In February I had laproscopic surgery done after which Dr. Pete diagnosed both PCOS and Stage 2 Endometriosis. Now, 7 months later I finally feel like we might be moving forward. Yes, it took 7 months. It seems like longer to us, though. Since February we have been counting cycle days, tracking ovulation (which as of yet has not occurred), reading Negative Pregnancy test, and all in all finding ourselves wrapped up in the middle of fertily treatments month after month. Basically those treatments have involved me taking meds just to get my cycle going, so that I can take the Clomid that should get me ovulating. Unfortunately, PCOS and Endo cause the irregularity in my cycles, hence the use of meds to get me going. The hope was that my body would jump in after a couple of cycles on it's own. 7 months later and that has still not happened. It's more than a little bit frustrating, but at the same time I realize that God's timing is still perfect and all of this is part of his plan... the big picture that only He can see.
Thursday was our 3 month check up with Dr. Pete. The one where we go in to let him know how things have gone. This time, Heath didn't go with me. Mostly, I thought it was pointless for him to go with me for a 15 minute appt where Dr. Pete asks how things went, I tell him about the hot flashes, the little bit of pain, the Negative ovulation tests, the negative pregnancy test, and the lack of my cycle starting on its own. I went to the office planning on asking about what we could do to at least make me feel like we were moving forward. Having friends who have been through these stages of infertility, I knew that we needed to pin down whether the Clomid was doing anything. I had questions about where my hormone levels were and what we could do to get things moving.
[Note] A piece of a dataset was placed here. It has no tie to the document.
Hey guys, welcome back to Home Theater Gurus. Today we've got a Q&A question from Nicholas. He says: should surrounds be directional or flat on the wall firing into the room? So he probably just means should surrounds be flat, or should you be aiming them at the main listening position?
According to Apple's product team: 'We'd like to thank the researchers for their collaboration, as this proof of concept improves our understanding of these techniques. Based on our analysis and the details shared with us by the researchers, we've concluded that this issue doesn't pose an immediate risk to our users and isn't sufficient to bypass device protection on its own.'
I think more than anything, I am really feeling like we've just been wasting the last 7 months. Before you get too excited, I also realize that our time as just the two of us is never, NEVER a waste. A year ago, I just thought we would be well on our way to having a family by now; however, God has a different plan and I'm ok with that.
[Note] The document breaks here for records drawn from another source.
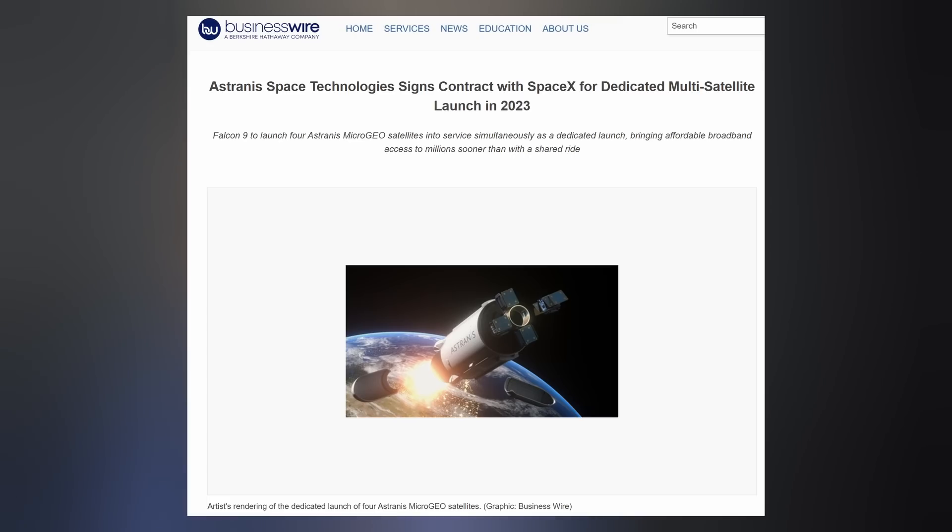These satellites are one-twentieth the size and cost of traditional geocommunication satellites, and the constellation will provide broadband connectivity to people wherever and whenever they need it.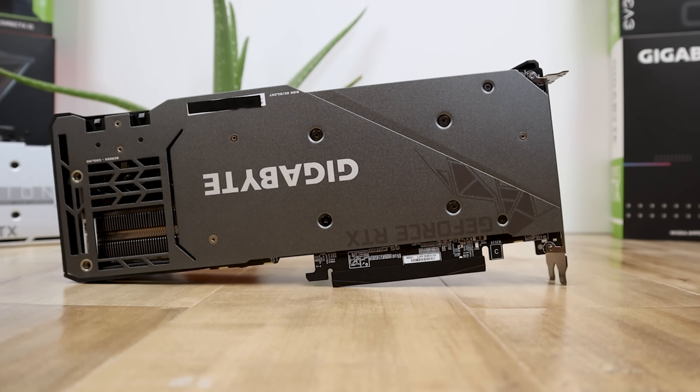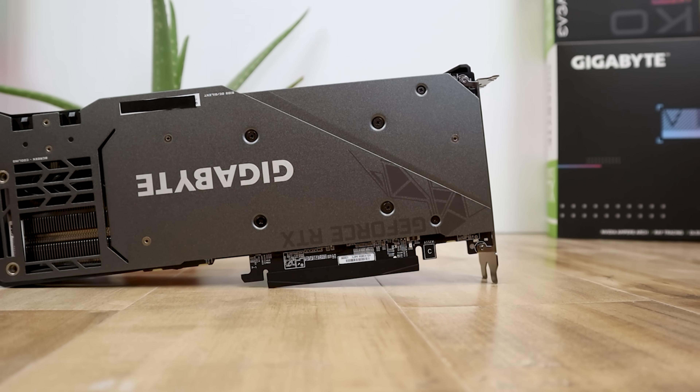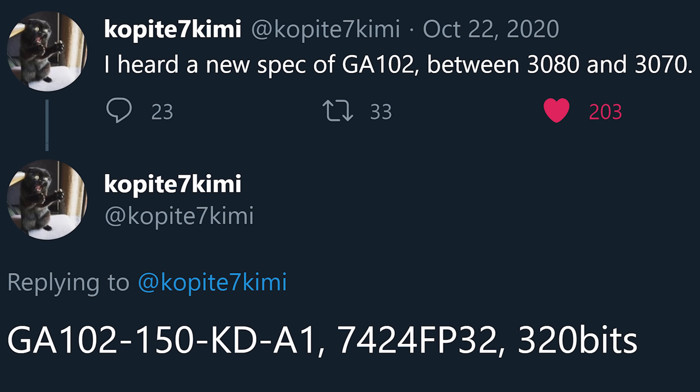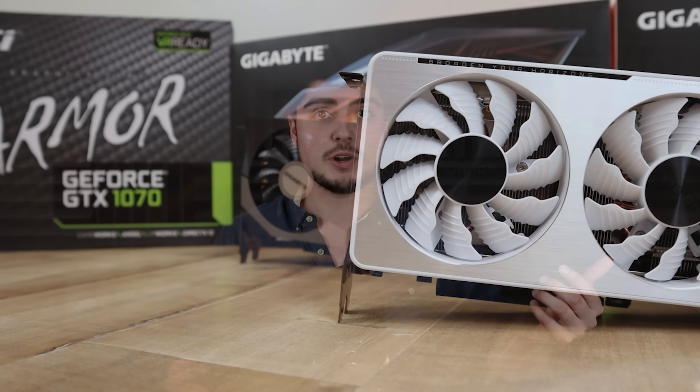I'm going to do my best to try and answer all of these questions according to everything I know so far. Starting off with the specs of this GPU, this comes from Coppite7Kimi, who posted the specs of what supposedly the RTX 3070 Ti is likely going to look like. All we know so far is that it's going to be based off of either the GA102 or the GA103 GPU — more likely the GA102.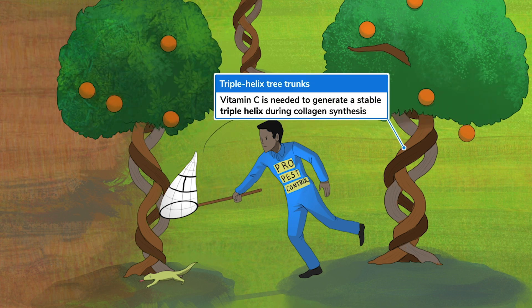We've made these orange tree trunks look like triple helices to remind you that vitamin C is necessary for creating a stable collagen triple helix. Please check out our collagen synthesis sketch to learn how collagen is made if you haven't already.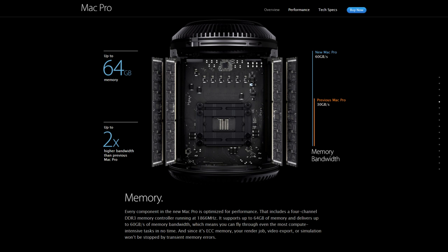Every component in the new Mac Pro is optimized for performance. That includes a 4-channel DDR3 memory controller running at 1,866 MHz. It supports up to 64GB of memory, and delivers up to 60GB a second of memory bandwidth, which means you can fly through even the most compute-intensive tasks in no time.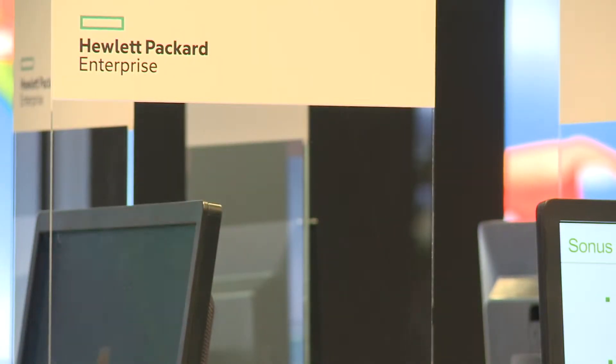HPE Enterprise is a strategic partner for Metaswitch — we've been working with them for well over two years. The idea is they bring the infrastructure on which we can deploy our VNFs for carriers, with the ability to deliver a carrier-grade service, which is why we're working with the Helion carrier-grade product from HPE Enterprise.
Thankfully, Dr. Pete is an amazing doctor and could sense, I think, my frustration at another three months of meds that we don't know are working. Instead we are only doing 1 month of Clomid, this time around. 100 mg on days 3-7 of my cycle and then around day 16 or so, I will go in for an ultrasound that will determine if the Clomid is persuading any eggs to mature. We know that my body is not releasing them, but this will tell us whether it is producing mature eggs. If so, then I will take an HCG shot which will force my body to release the mature egg(s) and increase our chances of getting pregnant. If not, I don't know whether our next step is an increase in Clomid or what... I guess that's something we will decide when we get to it.
I feel hopeful... I don't know if it's hope that we will get pregnant this month, or just hope that comes from knowing that we are moving forward and thus one step closer to holding our baby. At any rate, after months of feeling like we were going nowhere, it feels good to know that we are going somewhere good soon. We are finally MOVING FORWARD!